The translator Vijay Nambisan admits that though his education was in English and his knowledge of Malayalam little, he decided to translate Bhakti poems with the help of his father in this book under review. He makes no bones in saying, “I am no bhakta. I think the Bhakti philosophy as applied—second only to the caste system— is the bane of Indian society today.”

The two works, Jnana-paana and the Narayaniyam are two very popular Bhakti poems which have been touchstones of faith in Kerala. Puntanam’s Jnana-paana may be claimed as the first original poem in Malayalam—simple and innocent, but it was Melpattur’s Narayaniyam which is “the last great hurrah of classical Sanskrit” in India, says the translator.

It is good that the translator has given a background of classical literature in the south. He says well after the Sangam era (up to CE 400), Kerala was a part of Jamizhakam—the Tamil country—culturally, if not politically. Many literary works which are part of classical Tamil literature were composed by writers from this eastern region. The Tamil masterpiece, Silappatikaram is said to be written by a Kerala prince. The Tamil spoken in Kerala slowly evolved into a distinct form of an independent political power, establishing itself in Kerala as the cultural differences became more pronounced.

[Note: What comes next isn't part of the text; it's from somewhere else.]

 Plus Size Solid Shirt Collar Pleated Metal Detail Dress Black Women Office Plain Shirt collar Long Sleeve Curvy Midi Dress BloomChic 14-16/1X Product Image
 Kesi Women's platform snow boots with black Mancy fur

Between the 9th and 12th centuries, a new literary language called Mamipravalam—half Tamil and half Sanskrit—developed in Kerala. This language continued to evolve when the Cholas of Tamil region were at war with the Cheras or Kulasekharas of the western region in the war-ravaged Kerala of the time. At the end of the 11th century, the Namputiris came to hold the balance of cultural power in Kerala.

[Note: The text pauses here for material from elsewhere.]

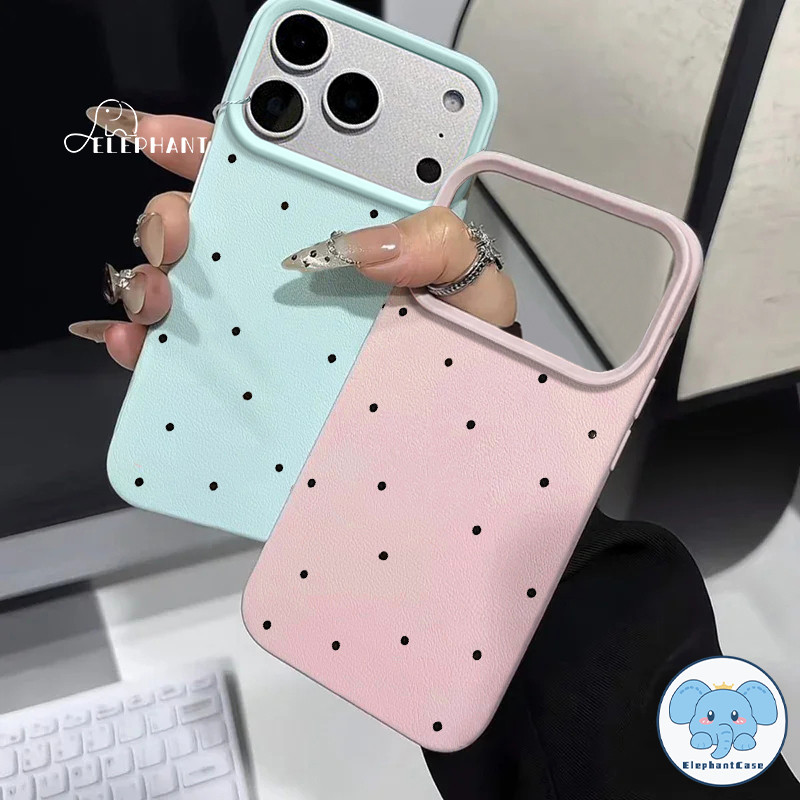 เคสไอโฟน17สำหรับ IPhone 13 17 Air 15 11 16 12 14 Pro Max XR X XS Max 7 15 14 16 8 Plus คลื่นแฟชั่นจุดสองจุดตัวเรือนหนัง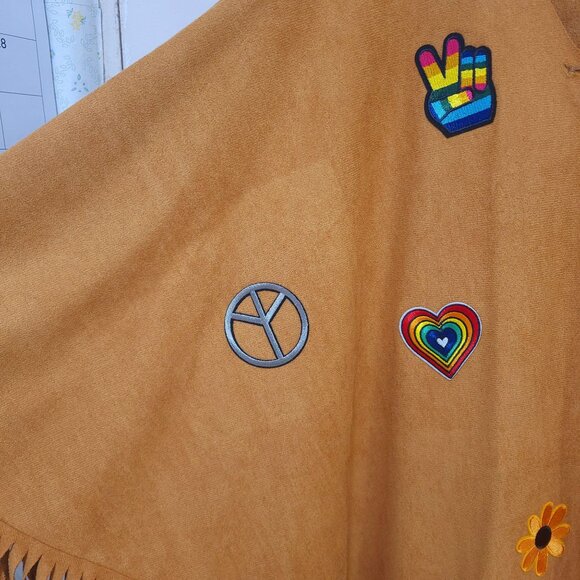 Spirit Adult Free Spirit Babe hippie Halloween costume poncho only - Picture 9 of 14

The Namputiris or Namboodiris are generally supposed to be Aryan Brahmins who settled in Kerala, probably before the Christian era began. The Namputiris are the biggest landowners in Kerala. They remained patrilineal while among the non-Brahmins it was the sister’s son who inherited the wealth. Until well into the 18th century, Sanskrit was the court language and today the written Malayalam has a highly Sanskritic flavour. It is said that between 1575 and 1625, Ramanujan Ezhuttacchan, the father of modern Malayalam, who was from a low-caste Nayar family, gave the best-loved translation of Ramayana and Mahabharata besides reviving the Bhakti tradition.

Puntanam Namputiri in 1547 and Melpattur Narayana Bhatatirippad in 1560 were two great poets. But the Bhakti cult—the wave of religious freedom that swept north India, reached the south only 2nd to 3rd centuries later. While Kabir, Mira, Eknath, Surdas, Nanak, Jnaneswar, Namdeo, Tukaram stormed the north, the Sangam poets, the Vaisnava and Shaiva saints were writing in the south their own Bhakti expressions.

It is said that Puntanam composed the Jnana-paana after the death of his six-month old son. Puntanam Namputiri recites:

Within the bubble which the body is
We se here wobble just a shade of life.
When breath lasts, we do not think of it;
When death comes, we see it become thin and fade.

Vallathol Narayana Menon’s poem relates the story of Melpattur and Puntanam’s meeting and how the Sanskritist scorned the vernacular poet.

In this way the translator Nambisan explores the dynamics of Malayali culture, placing its literature in context while studying the matters of prosody.

—MG

(Penguin Books India Pvt Ltd, 11, Community Centre, Panchsheel Park, New Delhi-110 017.)